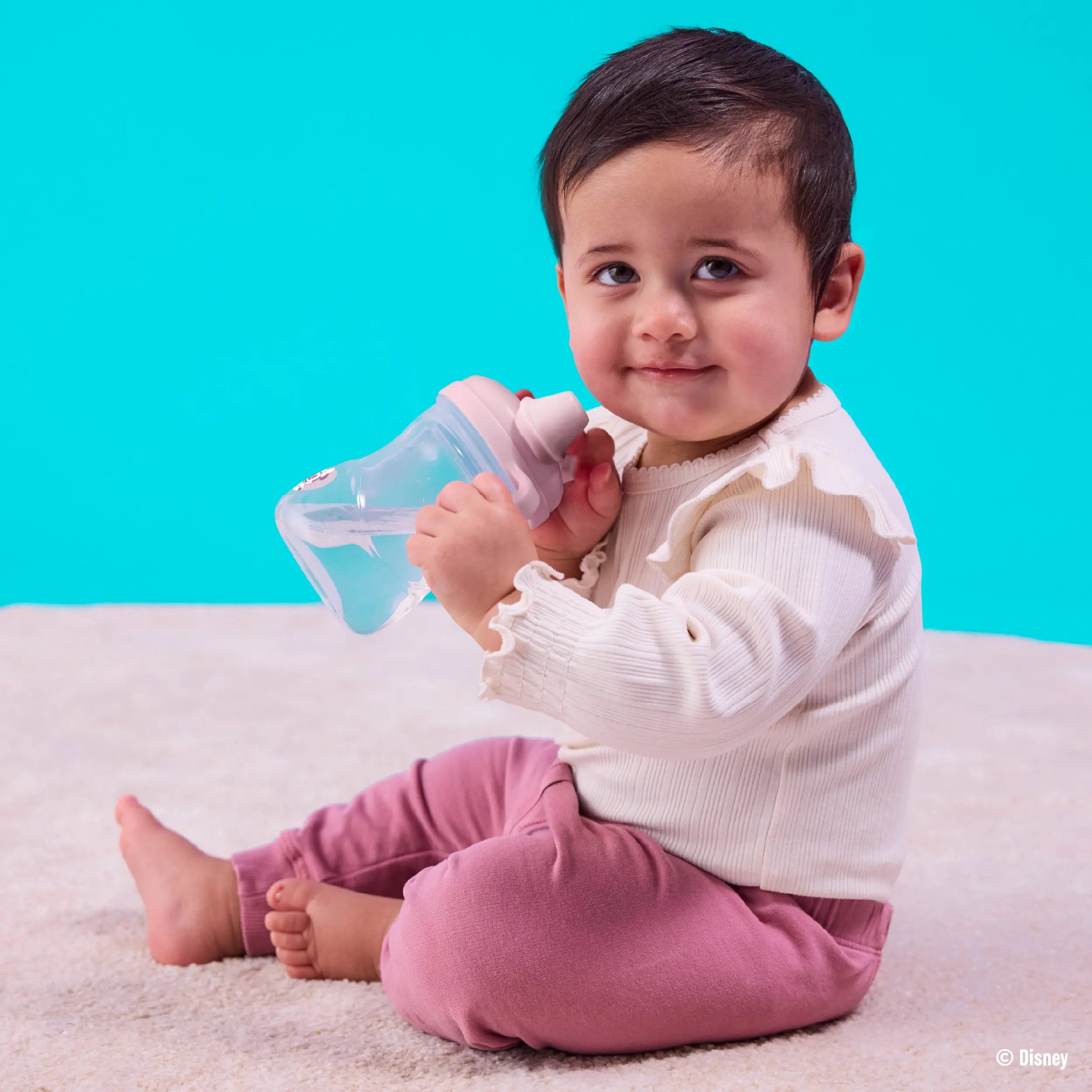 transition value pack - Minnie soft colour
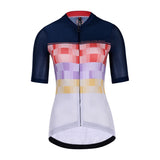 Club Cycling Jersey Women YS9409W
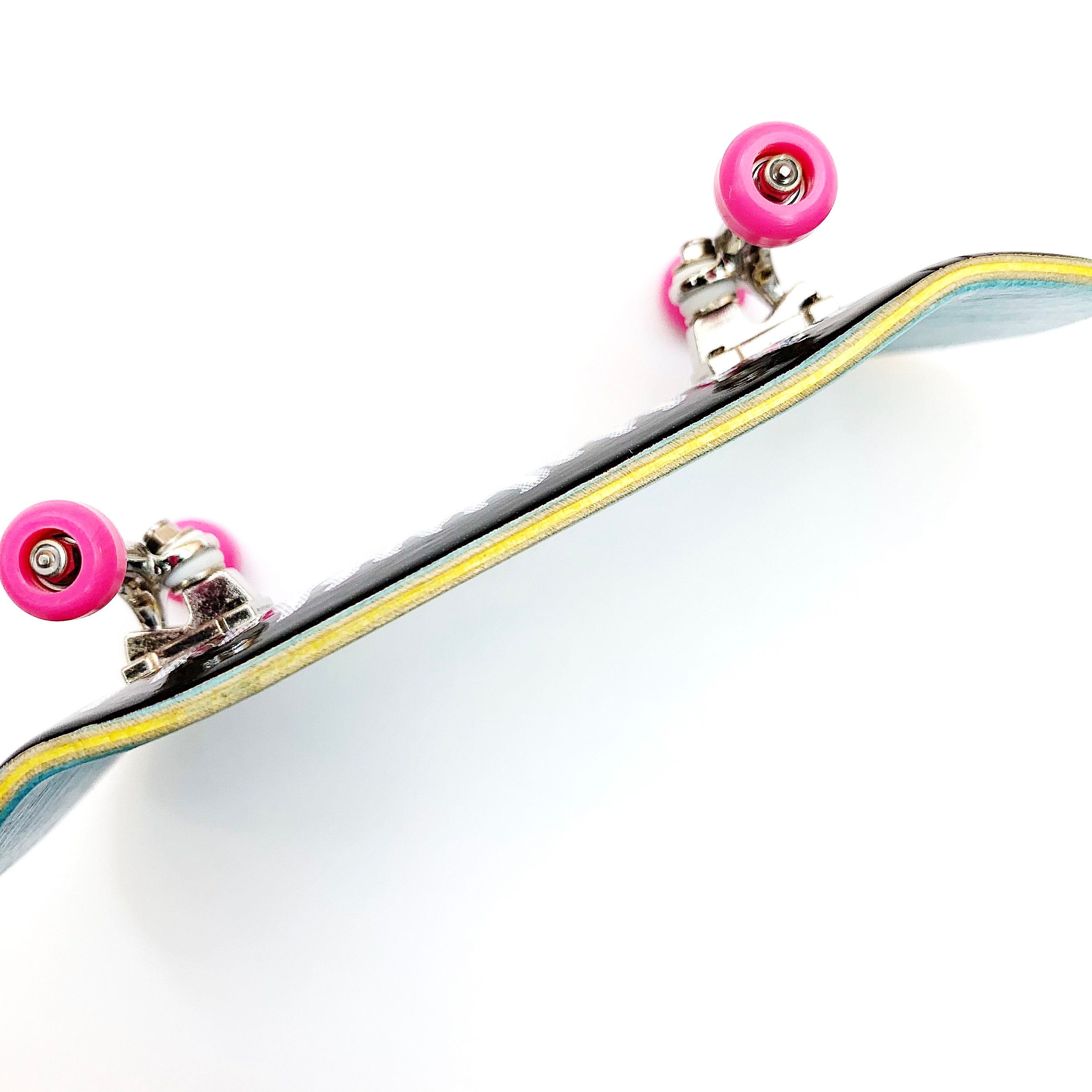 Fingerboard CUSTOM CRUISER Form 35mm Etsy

------------

WHAT THIS TASK INVOLVES: Write every line above again exactly, but leave the pictures out.

RESPONSE:
 transition value pack - Minnie soft colour
 Club Cycling Jersey Women YS9409W
 Fingerboard CUSTOM CRUISER Form 35mm Etsy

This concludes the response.